And that's a large part of the reason as to why the cars with "matching numbers" are worth that much more today, because they aren't as common today... If every old Chevelle had its original engine, then it wouldn't be a big deal. Similar idea regarding "original" or survivor cars, as they are not too common today because there was a time with these were just "used cars". Not only the ones that are still around, but the ones that were modified or wrecked are that much harder to find...

I think of it as a double-edged sword; If these cars didn't become collectible, then even more would have been crushed, and then the aftermarket probably wouldn't exist... But that collectability has caused the values to rise...
I study business and economics. Sometimes I as people a question:
"If I could turn sand into gold, could I pay off the national debt?"
Many answer yes, which shows they don't understand.

Gold gets it's value because it's rare, if it weren't rare, it wouldn't have it's value.

Back during the DotCom era, many in Gov were saying everyone should be a Java programmer because of all the business in Web Dev.

The problem with this is that we keep raising the bar. If the ability to do web dev was as common as the ability to tie shoes, it would have the same value as tying shoes.

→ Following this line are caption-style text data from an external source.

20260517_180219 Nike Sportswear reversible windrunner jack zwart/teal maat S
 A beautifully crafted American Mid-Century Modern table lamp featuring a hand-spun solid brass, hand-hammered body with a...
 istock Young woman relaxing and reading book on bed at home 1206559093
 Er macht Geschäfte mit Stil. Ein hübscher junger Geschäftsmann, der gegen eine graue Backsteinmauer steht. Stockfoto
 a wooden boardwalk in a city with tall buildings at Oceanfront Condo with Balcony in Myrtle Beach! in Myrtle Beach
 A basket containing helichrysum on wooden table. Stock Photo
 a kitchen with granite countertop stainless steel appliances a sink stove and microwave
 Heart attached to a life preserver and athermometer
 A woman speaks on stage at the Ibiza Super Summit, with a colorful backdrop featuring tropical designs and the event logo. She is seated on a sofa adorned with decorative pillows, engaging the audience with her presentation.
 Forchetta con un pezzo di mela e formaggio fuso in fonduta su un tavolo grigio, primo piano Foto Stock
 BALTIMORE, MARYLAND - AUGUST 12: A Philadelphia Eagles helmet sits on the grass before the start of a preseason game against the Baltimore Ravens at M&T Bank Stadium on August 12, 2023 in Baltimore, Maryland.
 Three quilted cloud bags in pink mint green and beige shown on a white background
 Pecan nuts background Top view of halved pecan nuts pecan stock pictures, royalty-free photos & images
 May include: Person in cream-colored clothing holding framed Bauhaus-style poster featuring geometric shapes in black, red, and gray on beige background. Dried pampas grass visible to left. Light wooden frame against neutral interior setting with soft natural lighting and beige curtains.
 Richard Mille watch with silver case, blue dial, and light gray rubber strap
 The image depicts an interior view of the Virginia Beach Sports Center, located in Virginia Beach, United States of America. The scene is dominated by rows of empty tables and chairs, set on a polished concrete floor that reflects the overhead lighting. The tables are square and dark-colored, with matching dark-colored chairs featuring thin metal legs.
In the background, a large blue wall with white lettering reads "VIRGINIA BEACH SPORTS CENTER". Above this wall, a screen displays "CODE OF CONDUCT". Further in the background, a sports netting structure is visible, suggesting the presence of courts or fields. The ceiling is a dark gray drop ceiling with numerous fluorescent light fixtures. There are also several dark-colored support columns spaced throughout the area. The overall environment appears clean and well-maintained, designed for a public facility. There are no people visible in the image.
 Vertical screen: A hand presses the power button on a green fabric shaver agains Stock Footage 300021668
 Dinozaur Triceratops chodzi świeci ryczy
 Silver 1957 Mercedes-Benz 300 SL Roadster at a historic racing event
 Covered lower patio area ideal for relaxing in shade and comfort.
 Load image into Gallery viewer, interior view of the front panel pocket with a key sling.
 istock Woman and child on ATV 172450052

Smart businesses know this and use this to enslave people. People end up working hard and hard to get the same thing.

150 years ago, a man with an ax could be home free in 1/2 year by building his own home. Now it takes great credit, a big down payment, and a 30 year loan. ... We've gone from 1/2 a year, to 1/2 your life to get the same thing.

People have allowed themselves to be enslaved by business and government without even realizing it. Meanwhile the Gov is looting the system thru debt.

... and now back to our regularly scheduled program ...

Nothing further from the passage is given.